• _Exercise brief_
A single number is required: the count of lines in the entries below that include the word "item".

• _Data to use_

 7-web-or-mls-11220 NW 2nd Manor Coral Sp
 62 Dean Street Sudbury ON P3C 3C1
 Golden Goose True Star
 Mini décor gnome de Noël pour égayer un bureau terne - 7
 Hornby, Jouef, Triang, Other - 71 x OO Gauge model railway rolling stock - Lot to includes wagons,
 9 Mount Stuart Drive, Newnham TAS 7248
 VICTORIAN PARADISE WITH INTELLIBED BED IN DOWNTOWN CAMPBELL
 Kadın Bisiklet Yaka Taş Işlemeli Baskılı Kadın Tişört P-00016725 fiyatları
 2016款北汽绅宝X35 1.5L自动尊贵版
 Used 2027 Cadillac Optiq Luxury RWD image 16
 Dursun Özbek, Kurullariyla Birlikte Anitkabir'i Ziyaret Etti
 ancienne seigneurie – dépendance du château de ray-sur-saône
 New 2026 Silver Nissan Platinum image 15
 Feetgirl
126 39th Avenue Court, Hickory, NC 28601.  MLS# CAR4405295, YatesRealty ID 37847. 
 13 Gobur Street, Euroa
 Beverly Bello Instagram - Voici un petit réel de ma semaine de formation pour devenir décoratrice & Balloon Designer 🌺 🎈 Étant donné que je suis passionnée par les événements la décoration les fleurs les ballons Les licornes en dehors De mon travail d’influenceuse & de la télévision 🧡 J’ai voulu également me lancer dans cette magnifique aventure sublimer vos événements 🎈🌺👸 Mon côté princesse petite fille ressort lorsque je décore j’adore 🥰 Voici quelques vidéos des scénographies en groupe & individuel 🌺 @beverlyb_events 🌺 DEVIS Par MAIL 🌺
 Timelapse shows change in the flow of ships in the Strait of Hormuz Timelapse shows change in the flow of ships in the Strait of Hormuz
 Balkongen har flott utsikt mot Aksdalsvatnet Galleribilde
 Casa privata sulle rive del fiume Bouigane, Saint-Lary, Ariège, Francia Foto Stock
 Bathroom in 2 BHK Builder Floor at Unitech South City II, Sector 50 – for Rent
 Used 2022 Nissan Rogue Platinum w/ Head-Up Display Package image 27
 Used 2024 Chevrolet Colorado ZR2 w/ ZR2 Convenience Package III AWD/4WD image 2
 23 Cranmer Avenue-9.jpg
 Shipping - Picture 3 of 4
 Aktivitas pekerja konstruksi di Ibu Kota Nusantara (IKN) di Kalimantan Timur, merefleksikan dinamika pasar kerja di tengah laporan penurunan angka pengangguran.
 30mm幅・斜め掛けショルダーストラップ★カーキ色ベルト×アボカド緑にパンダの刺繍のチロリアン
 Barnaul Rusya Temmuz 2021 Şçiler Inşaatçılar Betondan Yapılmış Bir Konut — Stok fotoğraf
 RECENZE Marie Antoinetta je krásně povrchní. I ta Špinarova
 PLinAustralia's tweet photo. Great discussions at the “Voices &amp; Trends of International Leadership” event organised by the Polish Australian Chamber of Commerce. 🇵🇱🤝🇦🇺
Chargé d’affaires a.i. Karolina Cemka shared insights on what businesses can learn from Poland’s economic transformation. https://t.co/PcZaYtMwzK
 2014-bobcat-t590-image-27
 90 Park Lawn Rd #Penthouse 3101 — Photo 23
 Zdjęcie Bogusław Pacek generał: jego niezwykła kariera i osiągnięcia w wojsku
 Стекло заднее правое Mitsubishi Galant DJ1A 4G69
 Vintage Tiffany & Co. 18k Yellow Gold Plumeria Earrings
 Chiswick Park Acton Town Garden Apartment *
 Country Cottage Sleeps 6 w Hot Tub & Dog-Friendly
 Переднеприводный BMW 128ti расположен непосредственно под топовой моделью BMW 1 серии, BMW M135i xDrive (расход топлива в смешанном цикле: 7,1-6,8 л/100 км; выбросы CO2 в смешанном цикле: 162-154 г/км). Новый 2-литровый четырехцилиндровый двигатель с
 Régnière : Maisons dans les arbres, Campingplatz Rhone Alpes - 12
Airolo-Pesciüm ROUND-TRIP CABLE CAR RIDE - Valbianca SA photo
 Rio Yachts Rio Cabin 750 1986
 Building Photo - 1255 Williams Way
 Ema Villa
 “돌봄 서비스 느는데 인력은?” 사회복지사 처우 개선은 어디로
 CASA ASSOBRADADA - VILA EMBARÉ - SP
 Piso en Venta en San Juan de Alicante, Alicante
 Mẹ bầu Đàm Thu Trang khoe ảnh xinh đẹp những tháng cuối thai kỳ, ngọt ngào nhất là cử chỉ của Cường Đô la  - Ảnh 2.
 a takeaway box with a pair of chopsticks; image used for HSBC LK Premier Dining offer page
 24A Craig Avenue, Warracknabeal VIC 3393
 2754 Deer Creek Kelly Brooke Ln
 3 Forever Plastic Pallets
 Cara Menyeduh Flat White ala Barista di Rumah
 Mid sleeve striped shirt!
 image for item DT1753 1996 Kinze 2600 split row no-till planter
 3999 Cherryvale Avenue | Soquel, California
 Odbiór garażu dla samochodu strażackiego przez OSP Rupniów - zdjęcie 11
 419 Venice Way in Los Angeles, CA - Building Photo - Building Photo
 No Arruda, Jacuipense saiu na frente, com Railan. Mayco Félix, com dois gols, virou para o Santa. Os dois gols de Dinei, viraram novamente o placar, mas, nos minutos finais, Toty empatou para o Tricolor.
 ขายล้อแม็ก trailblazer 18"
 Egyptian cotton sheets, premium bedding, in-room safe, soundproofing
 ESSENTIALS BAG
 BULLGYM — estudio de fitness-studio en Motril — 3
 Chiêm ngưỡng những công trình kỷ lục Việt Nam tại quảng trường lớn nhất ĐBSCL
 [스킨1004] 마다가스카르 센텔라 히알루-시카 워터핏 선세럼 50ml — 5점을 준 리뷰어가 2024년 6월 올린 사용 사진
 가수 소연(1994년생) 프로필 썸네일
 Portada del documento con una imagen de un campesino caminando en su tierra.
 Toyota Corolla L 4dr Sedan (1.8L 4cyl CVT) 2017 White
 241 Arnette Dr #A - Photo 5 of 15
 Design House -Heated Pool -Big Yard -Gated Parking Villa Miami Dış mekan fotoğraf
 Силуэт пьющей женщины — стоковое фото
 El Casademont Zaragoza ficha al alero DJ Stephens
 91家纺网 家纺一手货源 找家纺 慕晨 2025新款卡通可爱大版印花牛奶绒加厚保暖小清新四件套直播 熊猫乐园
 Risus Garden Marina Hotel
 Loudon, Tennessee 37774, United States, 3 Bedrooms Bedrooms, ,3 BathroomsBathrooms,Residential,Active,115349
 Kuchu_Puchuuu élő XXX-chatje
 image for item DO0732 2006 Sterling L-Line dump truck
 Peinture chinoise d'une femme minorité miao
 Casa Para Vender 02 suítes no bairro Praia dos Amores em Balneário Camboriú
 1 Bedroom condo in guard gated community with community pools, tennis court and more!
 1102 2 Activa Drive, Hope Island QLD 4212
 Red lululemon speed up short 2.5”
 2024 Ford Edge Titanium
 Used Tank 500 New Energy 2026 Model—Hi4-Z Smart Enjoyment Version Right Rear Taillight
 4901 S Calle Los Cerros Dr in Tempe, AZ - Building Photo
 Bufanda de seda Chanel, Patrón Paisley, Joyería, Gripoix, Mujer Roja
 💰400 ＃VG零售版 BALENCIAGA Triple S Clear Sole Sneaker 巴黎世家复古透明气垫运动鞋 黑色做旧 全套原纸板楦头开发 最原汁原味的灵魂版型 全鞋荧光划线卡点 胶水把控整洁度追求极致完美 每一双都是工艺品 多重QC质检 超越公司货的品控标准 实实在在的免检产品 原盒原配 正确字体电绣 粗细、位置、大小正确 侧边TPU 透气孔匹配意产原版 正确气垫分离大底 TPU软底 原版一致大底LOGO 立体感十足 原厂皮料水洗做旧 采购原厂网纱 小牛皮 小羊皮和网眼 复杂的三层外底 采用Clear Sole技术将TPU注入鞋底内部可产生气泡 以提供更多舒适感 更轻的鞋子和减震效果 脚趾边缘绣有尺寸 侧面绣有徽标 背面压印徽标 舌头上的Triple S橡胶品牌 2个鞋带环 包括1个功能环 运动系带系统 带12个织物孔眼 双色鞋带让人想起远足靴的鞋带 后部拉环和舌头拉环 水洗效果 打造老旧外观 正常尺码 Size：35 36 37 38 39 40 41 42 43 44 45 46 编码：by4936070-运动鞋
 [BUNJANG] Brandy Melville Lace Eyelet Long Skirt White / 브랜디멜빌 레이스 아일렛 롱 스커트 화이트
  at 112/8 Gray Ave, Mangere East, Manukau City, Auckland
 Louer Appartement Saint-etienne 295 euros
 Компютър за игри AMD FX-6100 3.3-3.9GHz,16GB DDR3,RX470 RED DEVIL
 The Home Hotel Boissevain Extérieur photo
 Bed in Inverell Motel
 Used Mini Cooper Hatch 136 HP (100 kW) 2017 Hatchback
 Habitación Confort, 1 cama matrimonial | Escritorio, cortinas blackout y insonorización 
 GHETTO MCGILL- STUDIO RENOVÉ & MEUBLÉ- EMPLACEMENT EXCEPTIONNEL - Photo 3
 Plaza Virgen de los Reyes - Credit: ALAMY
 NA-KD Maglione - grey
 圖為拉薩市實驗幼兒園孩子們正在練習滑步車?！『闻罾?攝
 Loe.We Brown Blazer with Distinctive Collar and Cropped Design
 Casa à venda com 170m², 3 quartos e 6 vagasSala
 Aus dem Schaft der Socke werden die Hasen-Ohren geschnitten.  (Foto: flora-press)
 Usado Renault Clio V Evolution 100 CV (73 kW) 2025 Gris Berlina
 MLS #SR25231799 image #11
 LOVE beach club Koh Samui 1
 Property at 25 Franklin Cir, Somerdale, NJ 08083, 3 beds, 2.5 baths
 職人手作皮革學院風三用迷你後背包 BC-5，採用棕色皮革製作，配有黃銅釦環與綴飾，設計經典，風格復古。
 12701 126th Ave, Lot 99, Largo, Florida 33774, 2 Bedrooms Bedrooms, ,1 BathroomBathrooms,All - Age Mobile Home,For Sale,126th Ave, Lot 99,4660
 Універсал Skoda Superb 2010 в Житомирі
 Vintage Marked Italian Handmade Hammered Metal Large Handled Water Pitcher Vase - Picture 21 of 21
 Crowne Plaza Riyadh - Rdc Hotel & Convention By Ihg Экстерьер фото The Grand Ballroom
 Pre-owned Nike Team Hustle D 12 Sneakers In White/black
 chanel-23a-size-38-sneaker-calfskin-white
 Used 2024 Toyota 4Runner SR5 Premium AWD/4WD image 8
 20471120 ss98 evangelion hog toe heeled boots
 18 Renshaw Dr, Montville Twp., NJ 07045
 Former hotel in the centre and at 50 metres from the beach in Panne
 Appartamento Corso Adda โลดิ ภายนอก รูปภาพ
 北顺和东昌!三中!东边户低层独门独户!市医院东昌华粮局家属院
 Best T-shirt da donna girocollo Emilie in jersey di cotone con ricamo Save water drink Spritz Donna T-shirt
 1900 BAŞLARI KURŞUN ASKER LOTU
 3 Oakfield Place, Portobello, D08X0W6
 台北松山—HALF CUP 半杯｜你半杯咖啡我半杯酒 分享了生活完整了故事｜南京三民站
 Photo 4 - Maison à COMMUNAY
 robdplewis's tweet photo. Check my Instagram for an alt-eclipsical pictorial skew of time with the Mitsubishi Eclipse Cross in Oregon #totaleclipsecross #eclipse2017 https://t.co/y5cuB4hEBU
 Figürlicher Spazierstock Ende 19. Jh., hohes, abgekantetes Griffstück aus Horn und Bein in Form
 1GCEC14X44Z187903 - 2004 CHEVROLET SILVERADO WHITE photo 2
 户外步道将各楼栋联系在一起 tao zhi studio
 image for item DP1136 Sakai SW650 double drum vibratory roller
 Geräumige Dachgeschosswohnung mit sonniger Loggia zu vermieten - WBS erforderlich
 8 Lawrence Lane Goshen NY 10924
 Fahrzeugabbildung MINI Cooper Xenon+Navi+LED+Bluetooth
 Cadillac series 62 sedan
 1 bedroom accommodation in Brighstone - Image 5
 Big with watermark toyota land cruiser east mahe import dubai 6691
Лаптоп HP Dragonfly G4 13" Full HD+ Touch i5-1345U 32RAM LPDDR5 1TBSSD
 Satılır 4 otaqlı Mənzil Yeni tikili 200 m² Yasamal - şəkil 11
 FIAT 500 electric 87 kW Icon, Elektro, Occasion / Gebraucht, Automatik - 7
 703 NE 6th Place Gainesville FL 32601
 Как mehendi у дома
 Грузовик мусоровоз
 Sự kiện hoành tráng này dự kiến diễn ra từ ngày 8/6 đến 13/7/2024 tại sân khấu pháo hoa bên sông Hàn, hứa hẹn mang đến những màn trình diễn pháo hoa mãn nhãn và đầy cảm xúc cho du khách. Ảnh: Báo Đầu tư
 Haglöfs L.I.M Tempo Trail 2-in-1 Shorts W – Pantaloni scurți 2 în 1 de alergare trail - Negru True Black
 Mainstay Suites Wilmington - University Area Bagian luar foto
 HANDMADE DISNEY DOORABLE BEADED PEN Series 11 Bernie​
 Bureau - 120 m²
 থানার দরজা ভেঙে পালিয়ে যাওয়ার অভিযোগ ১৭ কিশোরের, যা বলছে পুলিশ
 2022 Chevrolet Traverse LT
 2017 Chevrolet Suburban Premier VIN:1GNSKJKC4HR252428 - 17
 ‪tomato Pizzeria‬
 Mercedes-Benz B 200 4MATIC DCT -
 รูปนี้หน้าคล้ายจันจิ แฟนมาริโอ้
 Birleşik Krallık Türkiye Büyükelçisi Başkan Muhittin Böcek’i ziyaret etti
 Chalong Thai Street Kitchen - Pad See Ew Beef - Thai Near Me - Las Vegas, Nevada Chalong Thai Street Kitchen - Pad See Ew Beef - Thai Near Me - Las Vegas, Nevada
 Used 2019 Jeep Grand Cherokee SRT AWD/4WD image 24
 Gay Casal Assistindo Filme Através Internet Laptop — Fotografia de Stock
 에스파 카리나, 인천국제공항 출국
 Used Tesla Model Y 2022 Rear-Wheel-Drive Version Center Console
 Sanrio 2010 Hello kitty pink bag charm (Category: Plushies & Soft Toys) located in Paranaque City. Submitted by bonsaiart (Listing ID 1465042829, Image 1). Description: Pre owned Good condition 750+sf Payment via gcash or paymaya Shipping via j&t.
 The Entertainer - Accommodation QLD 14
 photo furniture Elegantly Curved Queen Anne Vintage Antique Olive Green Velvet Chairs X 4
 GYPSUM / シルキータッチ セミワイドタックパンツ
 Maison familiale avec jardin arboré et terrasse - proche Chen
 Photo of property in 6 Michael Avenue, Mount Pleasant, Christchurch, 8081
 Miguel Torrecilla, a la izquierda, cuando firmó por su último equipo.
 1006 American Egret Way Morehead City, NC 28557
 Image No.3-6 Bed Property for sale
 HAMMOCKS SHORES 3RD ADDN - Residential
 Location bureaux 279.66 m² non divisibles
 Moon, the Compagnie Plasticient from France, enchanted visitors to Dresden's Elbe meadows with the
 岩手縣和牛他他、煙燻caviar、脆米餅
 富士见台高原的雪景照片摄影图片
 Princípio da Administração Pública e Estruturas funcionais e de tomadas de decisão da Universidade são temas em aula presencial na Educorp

• _Task answer_
3